Sunday, February 27, 2011

A Daddy Daughter Date

After my dad's first day back at work, we decided to go to our favorite mexican place for dinner. I pretty much predicted the text he sent me... there is only so long you can last without Taco Surf, and dad had been away for almost a month.

Fortunately for us, Taco Surf is about a 45 second jog from our front door. I know this because I never just walk there to meet people, I'm always running too late. I have no shame. Taco Surf, in my opinion, is a top notch mexican food joint; complete with multi colored chips, ridiculously good salsa, and plenty of vegetarian friendly options (as far as mexican food goes.) I good part of my child hood was spent gradually being able to see over the table from the booth seats and coloring the paper place settings with the crayons that the pretty waitresses provided me and my sister.

It just so happened to be poring that Monday so dad and I decided to drive down the street and find a parking spot even closer to the restaurant.

Bad idea.

I forgot to mention that Taco Surf is located on Main St. in Seal Beach.
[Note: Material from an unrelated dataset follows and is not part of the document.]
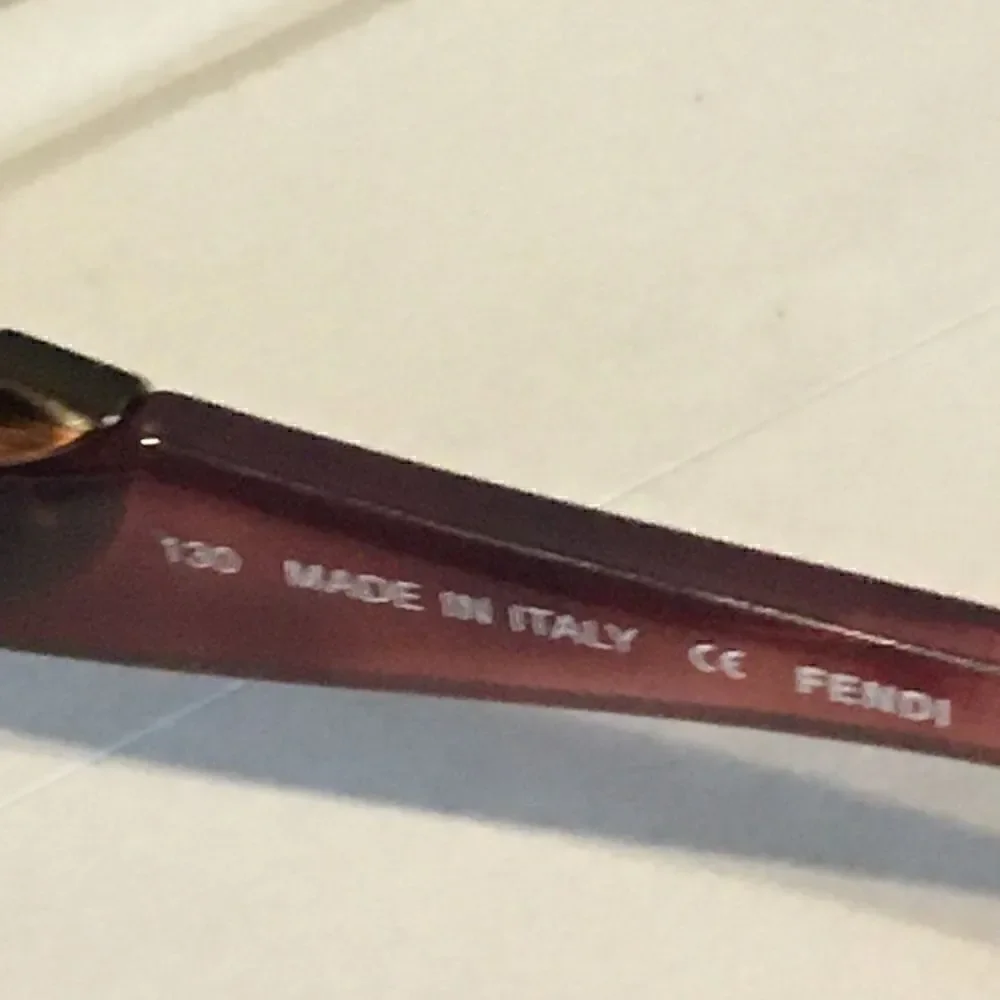 Authentic Fendi Purple/Brown Sunglasses ser FS5143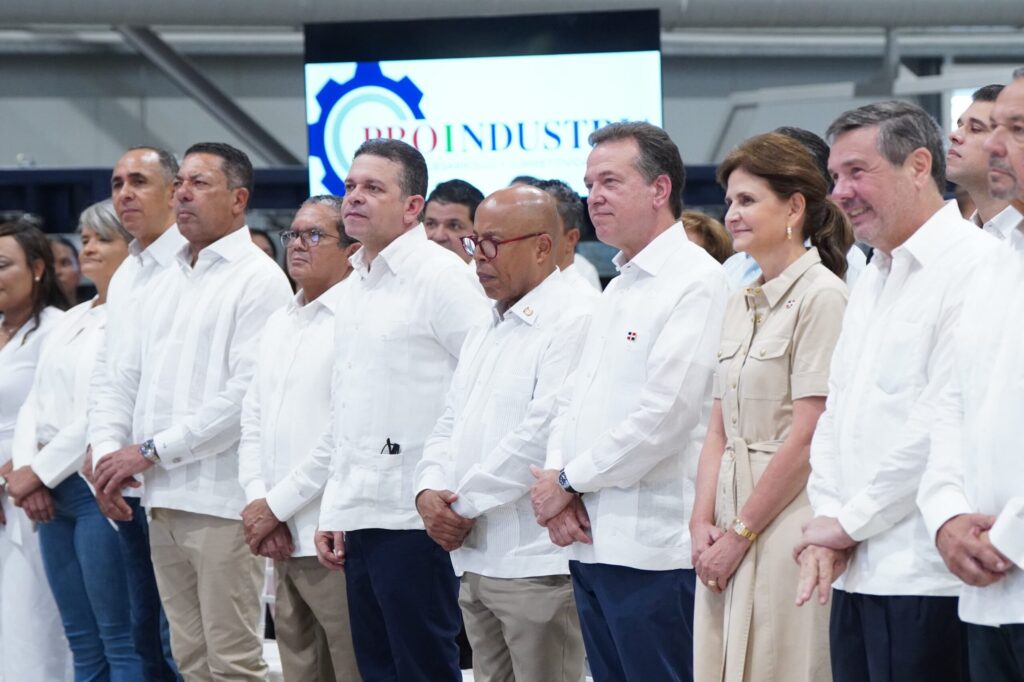 Vicepresidenta encabeza inauguración de dos nuevas naves en Zona Franca de San Pedro de Macorís administrada por Proindustria - Noticias de hoy en República Dominicana | De Último Minuto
There's never parking on that street. We ended up parking at the beach and sitting in the car waiting for the rain to take a breather so we could run for cover. We were probably equidistant to Taco Surf as the cottage is but in the opposite direction. 

I was in riding boots, yoga pants and one of cubby's old shirts (don't judge). My dad was in his work clothes. 
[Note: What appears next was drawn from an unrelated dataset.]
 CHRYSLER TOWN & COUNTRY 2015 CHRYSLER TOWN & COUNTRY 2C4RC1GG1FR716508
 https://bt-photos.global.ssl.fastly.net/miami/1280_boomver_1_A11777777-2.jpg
"Alright on the count of three we're going to run for it." Dad says.
"Run for where?"
"OnetwoTHREE!"

Annnd the sky opens up above us and really lets it dump down.

Too late. I obediently swung open the door, blindly slammed it behind me and ran laughing across the street realizing how unavoidably soaked I was getting. The sidewalk on the other side was swamped with a huge muddy puddle but I didn't care, my boots are meant for that stuff.

I finally made it under some sort of cover and turned around to realize my dad had hesitated. He heard the rain increase and stayed put. 

I watched him get out and fumble with the keys trying to lock the door in the torrential rain. Our car only locks from the inside, on one door. He proceeded to run, like I did, towards the muddy puddle. His shoes are not as cool as my shoes so he attempted a last ditch run-and-leap. It failed, there was quite the splash. 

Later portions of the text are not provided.